Scraped caption text data »
# # # # # # #
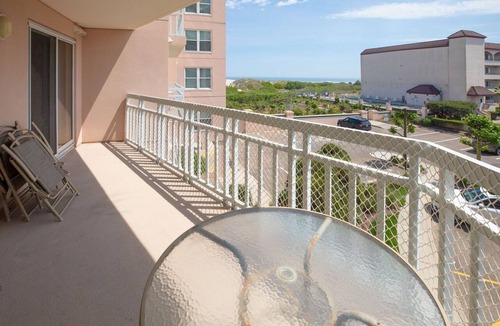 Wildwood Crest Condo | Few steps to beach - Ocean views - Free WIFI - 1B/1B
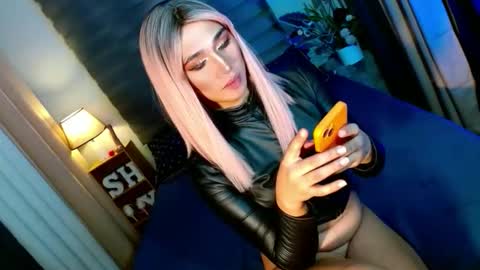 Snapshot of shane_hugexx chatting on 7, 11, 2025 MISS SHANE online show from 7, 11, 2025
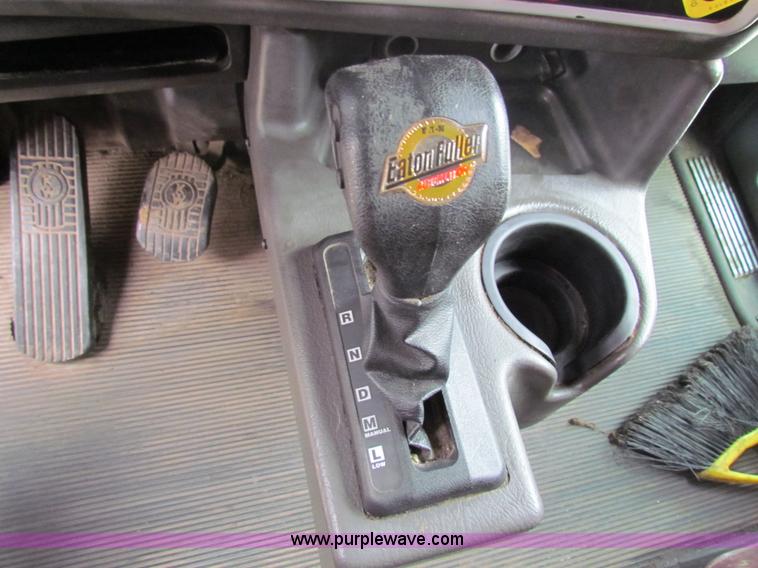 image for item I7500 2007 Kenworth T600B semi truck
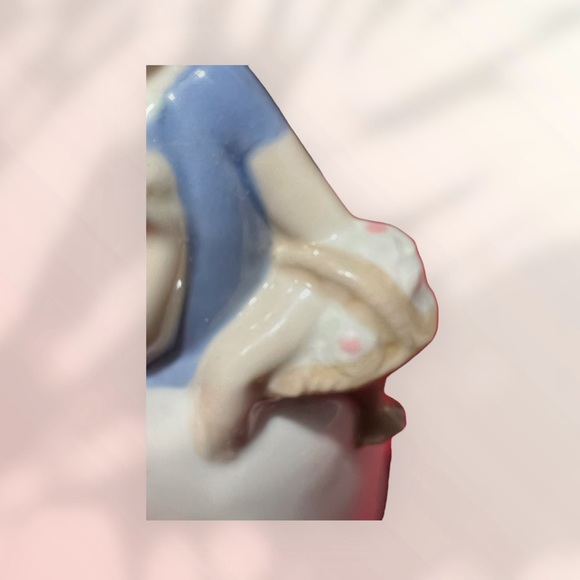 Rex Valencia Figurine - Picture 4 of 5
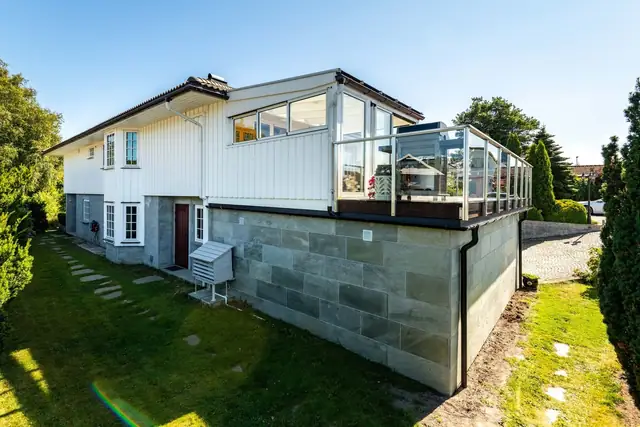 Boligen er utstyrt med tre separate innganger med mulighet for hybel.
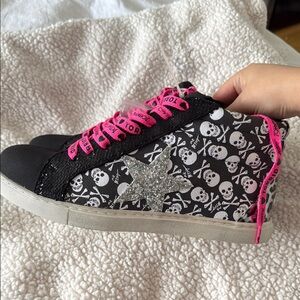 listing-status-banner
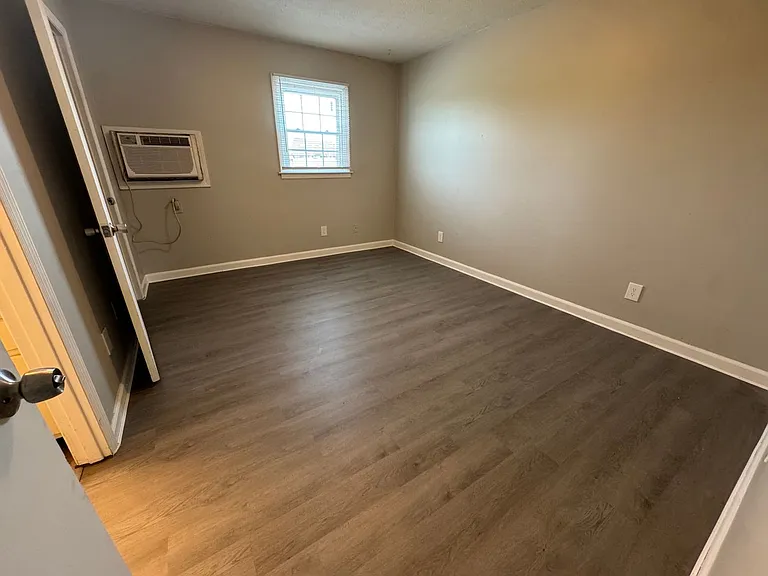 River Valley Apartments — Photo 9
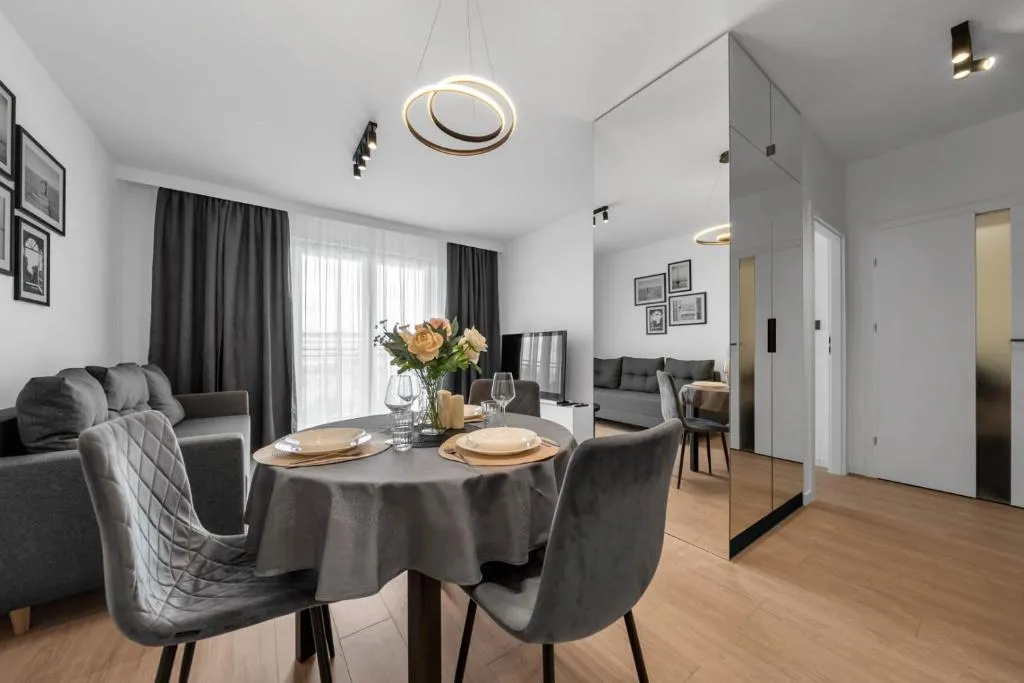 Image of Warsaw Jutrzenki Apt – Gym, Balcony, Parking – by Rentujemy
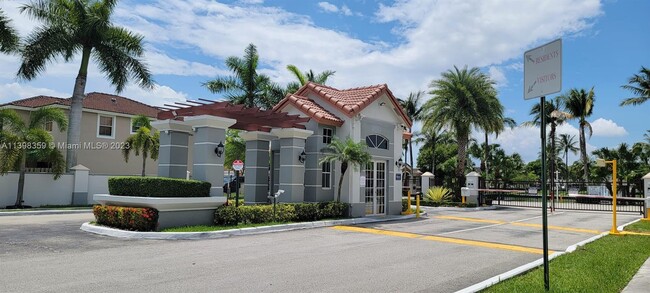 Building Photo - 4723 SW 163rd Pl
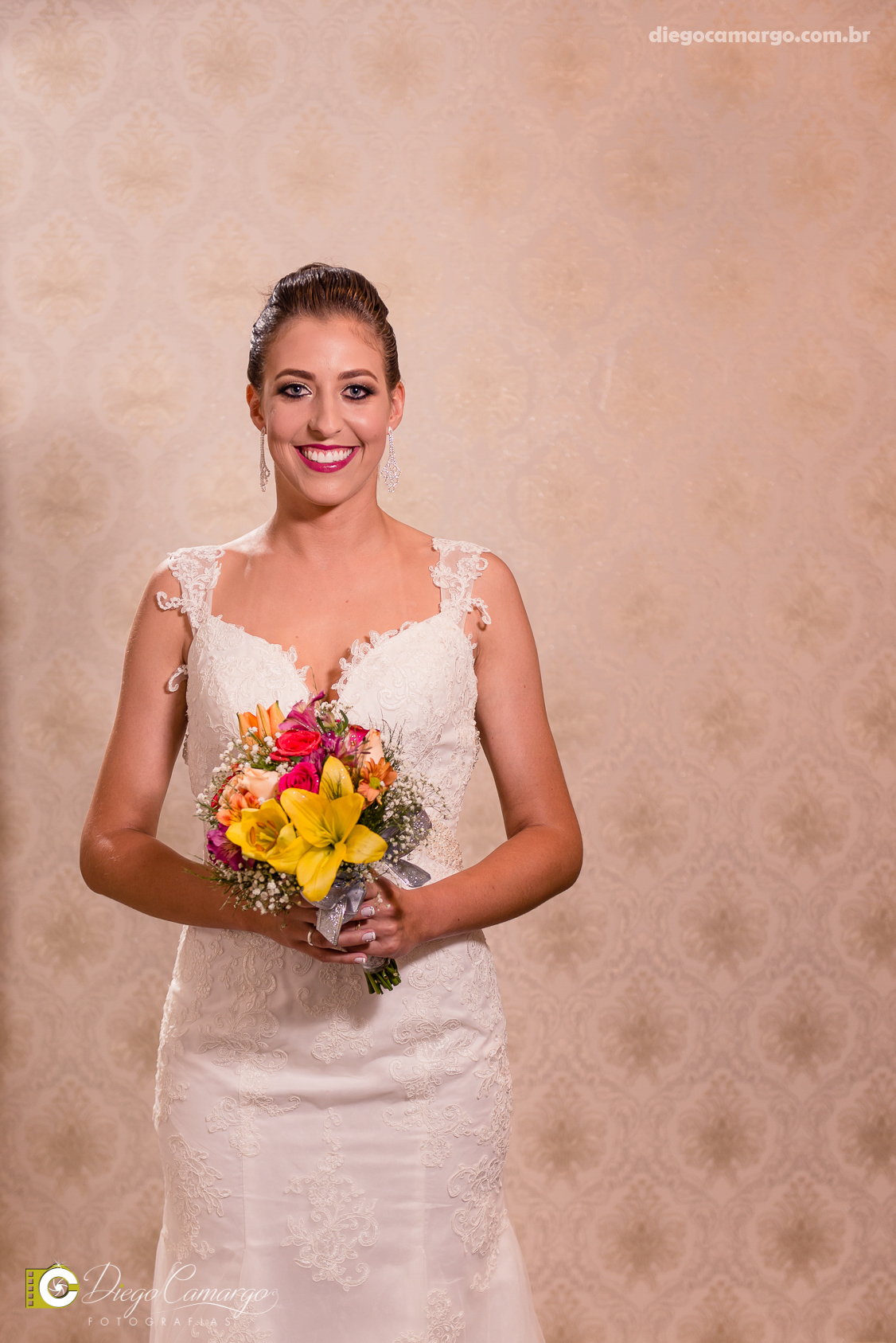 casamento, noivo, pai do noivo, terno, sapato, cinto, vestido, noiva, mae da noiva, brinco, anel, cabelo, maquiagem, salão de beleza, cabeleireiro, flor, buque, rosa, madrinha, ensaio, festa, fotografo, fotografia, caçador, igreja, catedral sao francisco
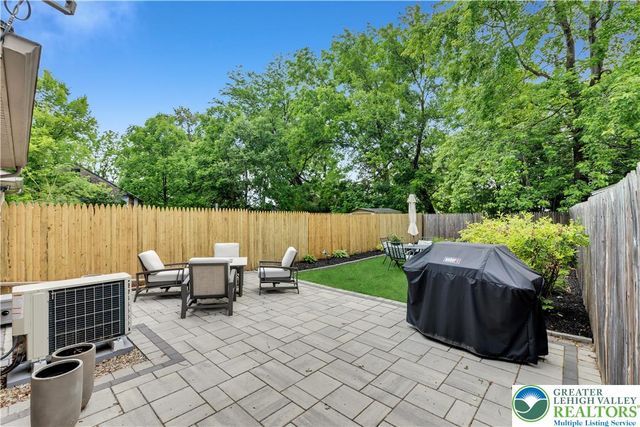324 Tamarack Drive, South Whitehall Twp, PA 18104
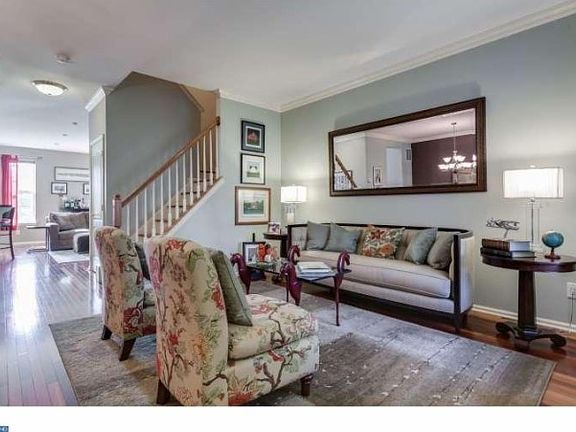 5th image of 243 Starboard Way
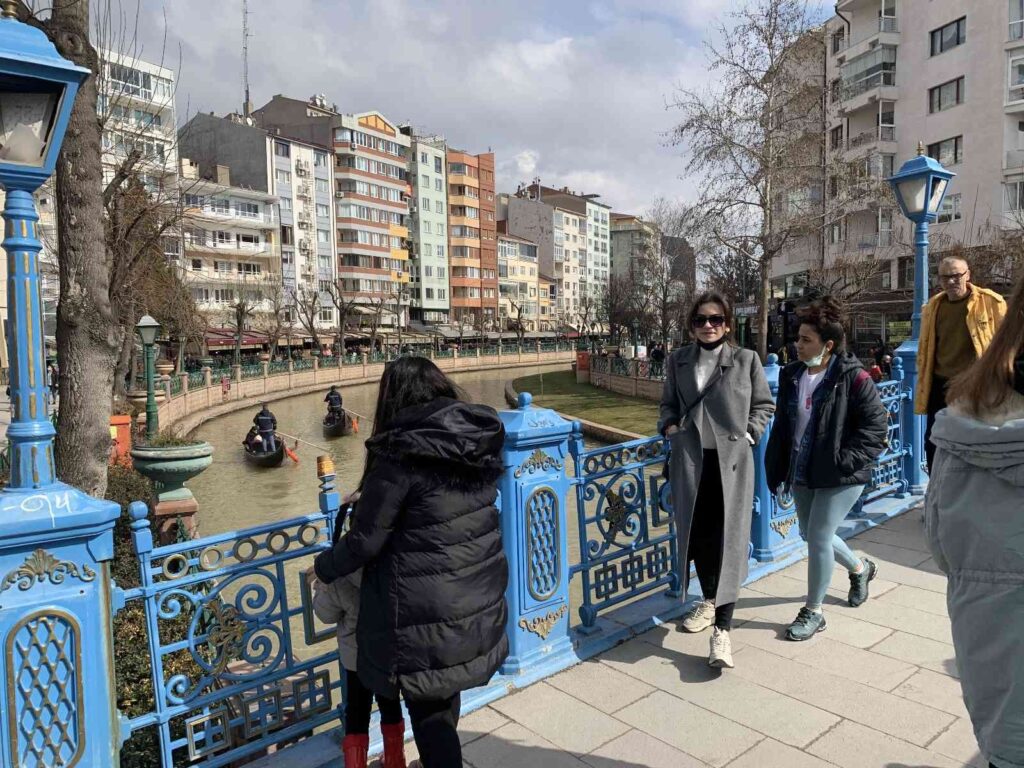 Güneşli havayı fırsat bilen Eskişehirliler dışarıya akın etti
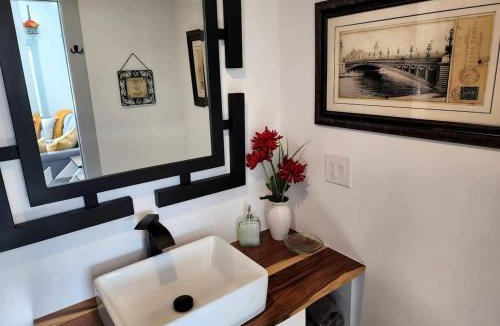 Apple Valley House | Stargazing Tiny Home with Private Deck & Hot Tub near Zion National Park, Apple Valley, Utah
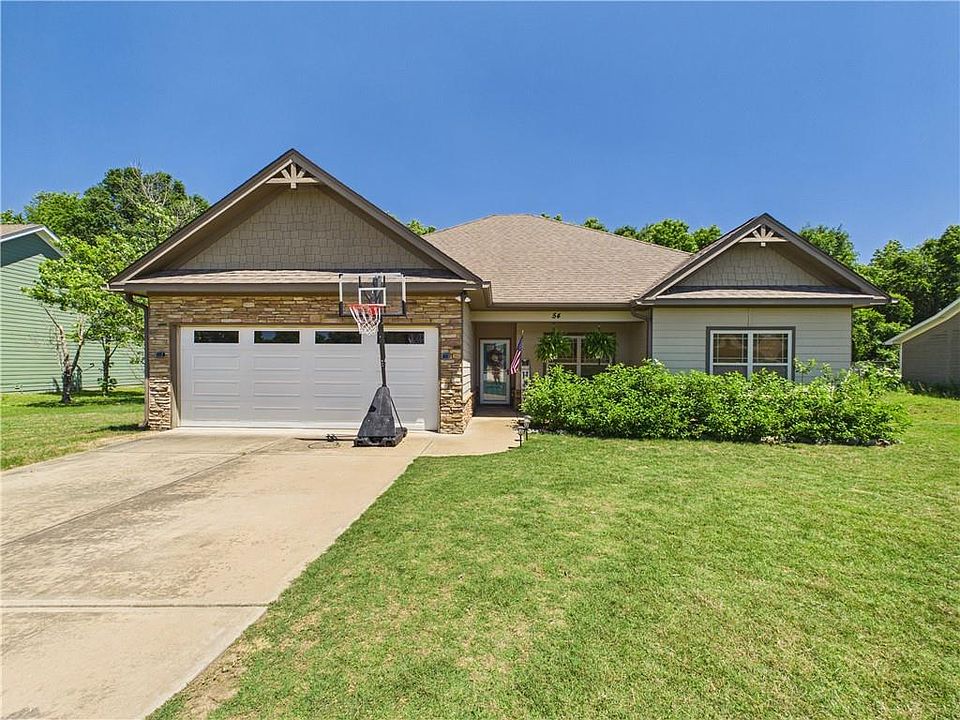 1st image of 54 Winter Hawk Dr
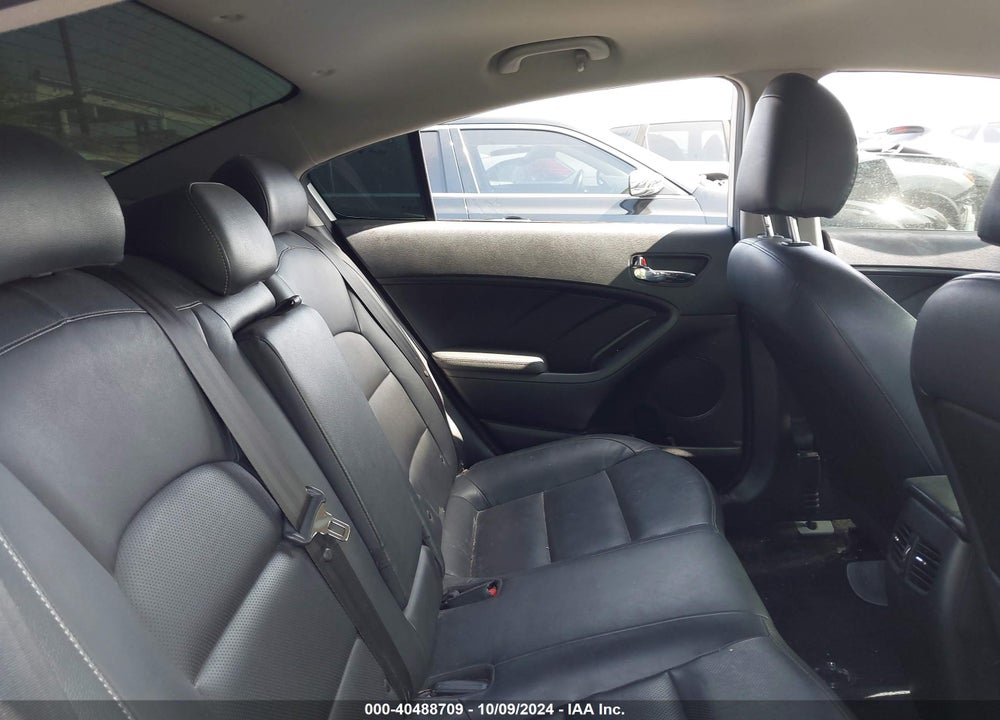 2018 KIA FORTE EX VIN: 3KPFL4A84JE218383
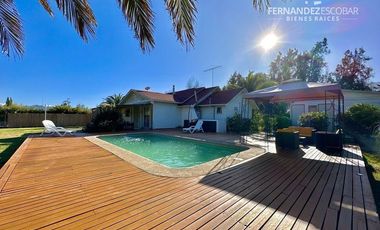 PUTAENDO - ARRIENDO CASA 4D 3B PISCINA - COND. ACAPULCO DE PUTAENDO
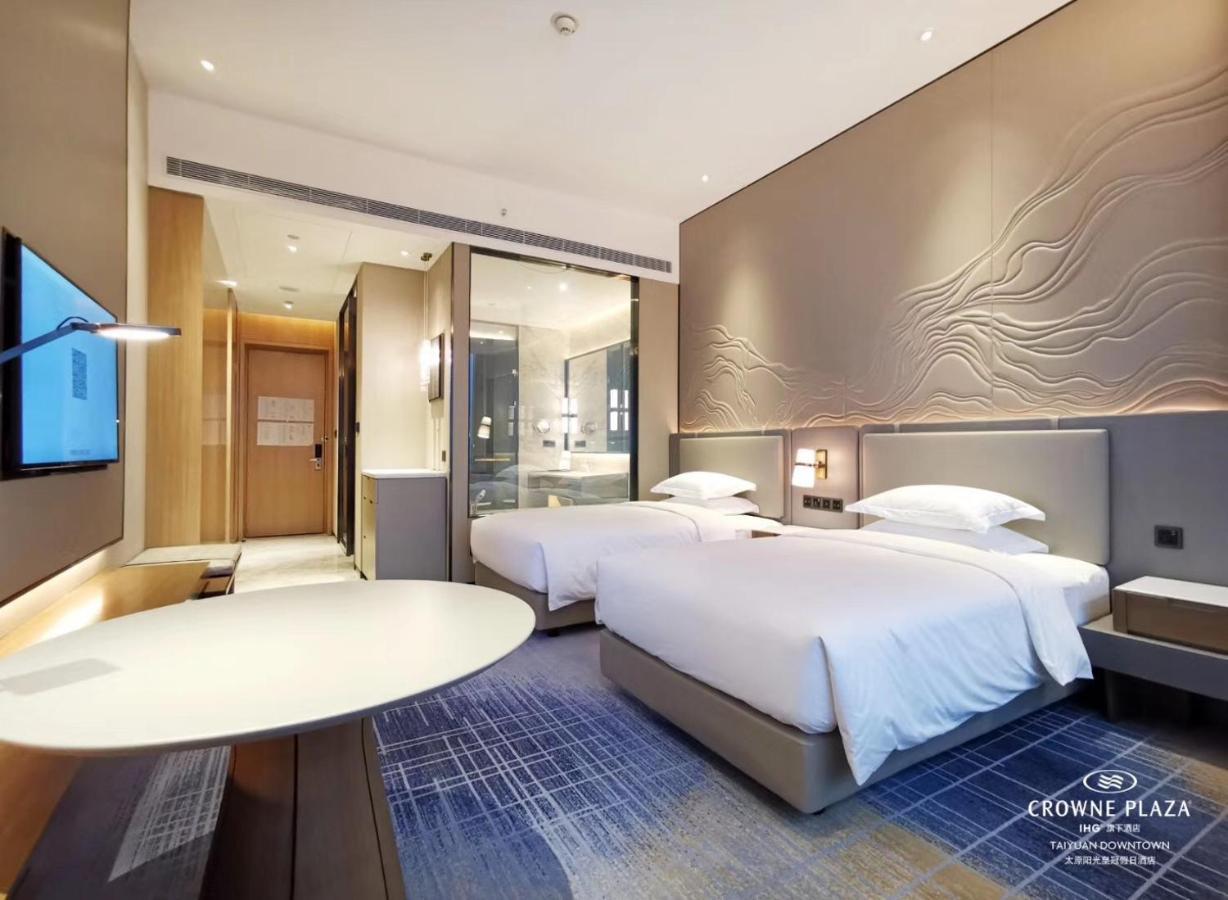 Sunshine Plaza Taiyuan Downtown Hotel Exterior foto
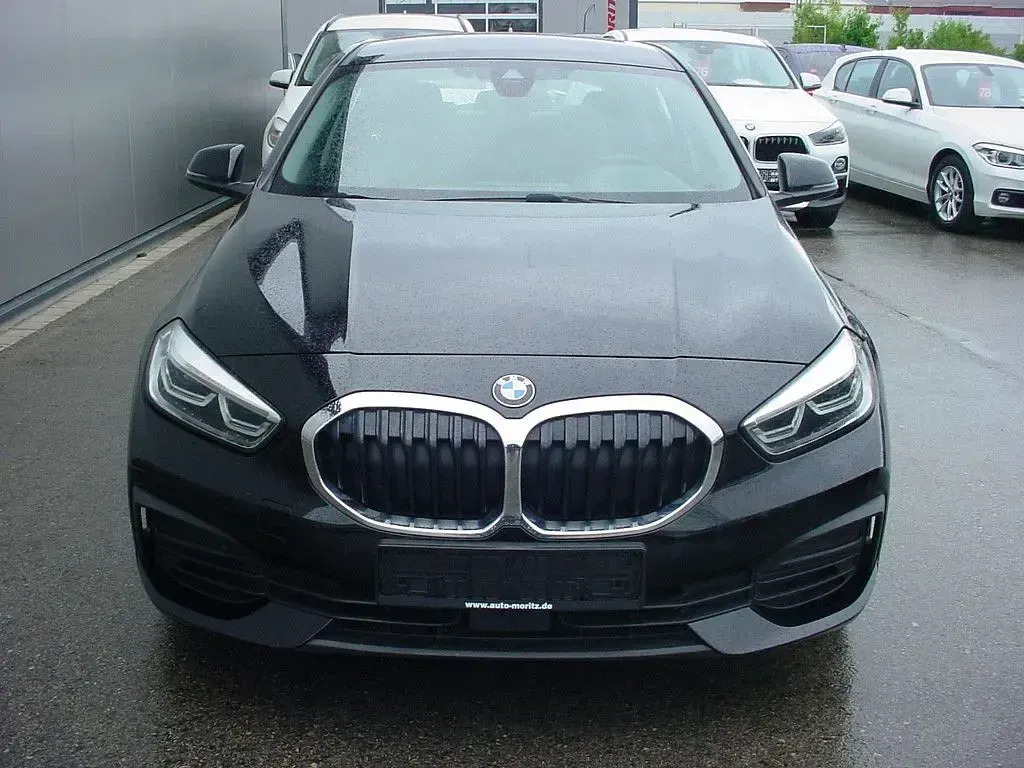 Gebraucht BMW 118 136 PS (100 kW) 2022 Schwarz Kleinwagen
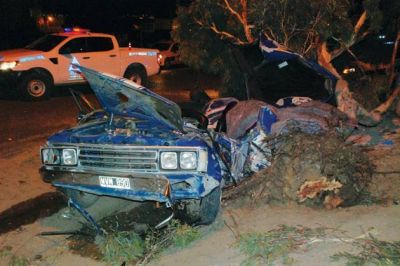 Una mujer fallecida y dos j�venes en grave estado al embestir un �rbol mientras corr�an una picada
# # # # # # #
What this task involves » Print each record exactly as it stands, omitting the pictures.

Solved exercise »
 Wildwood Crest Condo | Few steps to beach - Ocean views - Free WIFI - 1B/1B
 Snapshot of shane_hugexx chatting on 7, 11, 2025 MISS SHANE online show from 7, 11, 2025
 image for item I7500 2007 Kenworth T600B semi truck
 Rex Valencia Figurine - Picture 4 of 5
 Boligen er utstyrt med tre separate innganger med mulighet for hybel.
 listing-status-banner
 River Valley Apartments — Photo 9
 Image of Warsaw Jutrzenki Apt – Gym, Balcony, Parking – by Rentujemy
 Building Photo - 4723 SW 163rd Pl
 casamento, noivo, pai do noivo, terno, sapato, cinto, vestido, noiva, mae da noiva, brinco, anel, cabelo, maquiagem, salão de beleza, cabeleireiro, flor, buque, rosa, madrinha, ensaio, festa, fotografo, fotografia, caçador, igreja, catedral sao francisco
324 Tamarack Drive, South Whitehall Twp, PA 18104
 5th image of 243 Starboard Way
 Güneşli havayı fırsat bilen Eskişehirliler dışarıya akın etti
 Apple Valley House | Stargazing Tiny Home with Private Deck & Hot Tub near Zion National Park, Apple Valley, Utah
 1st image of 54 Winter Hawk Dr
 2018 KIA FORTE EX VIN: 3KPFL4A84JE218383
 PUTAENDO - ARRIENDO CASA 4D 3B PISCINA - COND. ACAPULCO DE PUTAENDO
 Sunshine Plaza Taiyuan Downtown Hotel Exterior foto
 Gebraucht BMW 118 136 PS (100 kW) 2022 Schwarz Kleinwagen
 Una mujer fallecida y dos j�venes en grave estado al embestir un �rbol mientras corr�an una picada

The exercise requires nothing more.